Heidelberg Joint Astronomical Colloquium

Speaker Robert D. Gehrz
Title The Stratospheric Observatory for Infrared Astronomy (SOFIA)
Abstract The Stratospheric Observatory for Infrared Astronomy (SOFIA) is a joint U.S./German Project to develop and operate a 2.5-meter infrared airborne telescope in a Boeing 747-SP that flies in the stratosphere at altitudes as high as 45,000 and is capable of observations from 0.3 µm to 1.6 mm with an average transmission greater than 80 percent. SOFIA will be staged out of the NASA Dryden Flight Research Center aircraft operations facility at Palmdale, CA and the SOFIA Science Mission Operations Center (SSMOC) will be located at NASA Ames Research Center, Moffet Field, CA. First science flights will begin in 2009, the next instrument call and the first General Observer science call will be in 2010, and a full operations schedule of about 120 8 to 10 hour flights per year will begin in by 2014. The observatory is expected to operate for more than 20 years.

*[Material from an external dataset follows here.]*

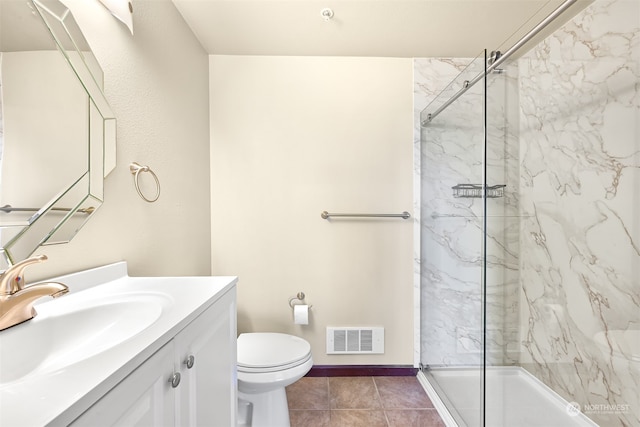 bathroom with tile patterned flooring, vanity, toilet, and tiled shower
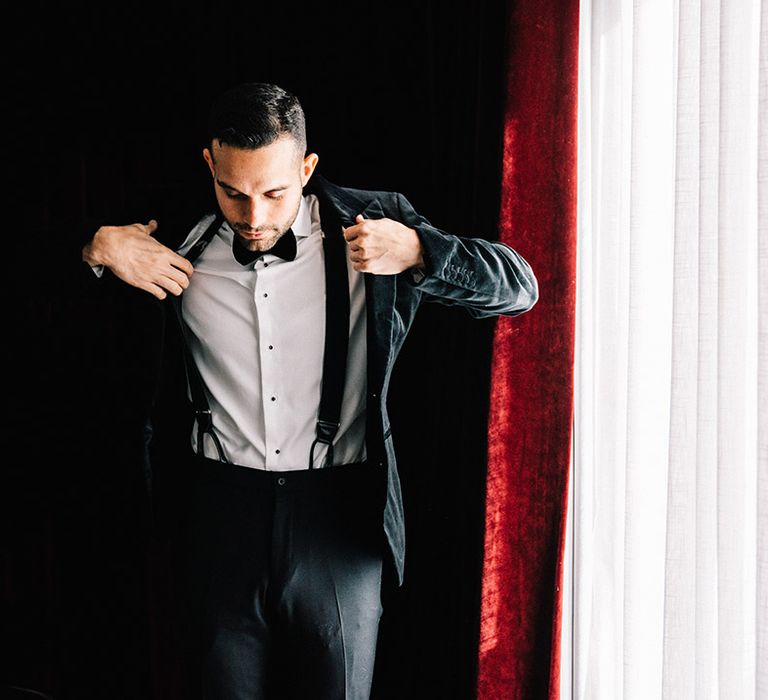 Groom in black tuxedo getting ready for the wedding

SOFIA will initially fly with nine focal plane instruments that include broadband imagers, moderate resolution spectrographs that will resolve broad features due to dust and large molecules, and high resolution spectrometers capable of studying the kinematics of molecular and atomic gas lines at km/s resolution. We describe the facility SOFIA facility and outline the opportunities for observations by the general scientific community, future instrumentation developments, and operations collaborations. The operational characteristics of the SOFIA first-generation instruments are summarized and we give several specific examples of the types of scientific studies to which these instruments are expected to make fundamental scientific contributions. Results from the initial early science flights will be described.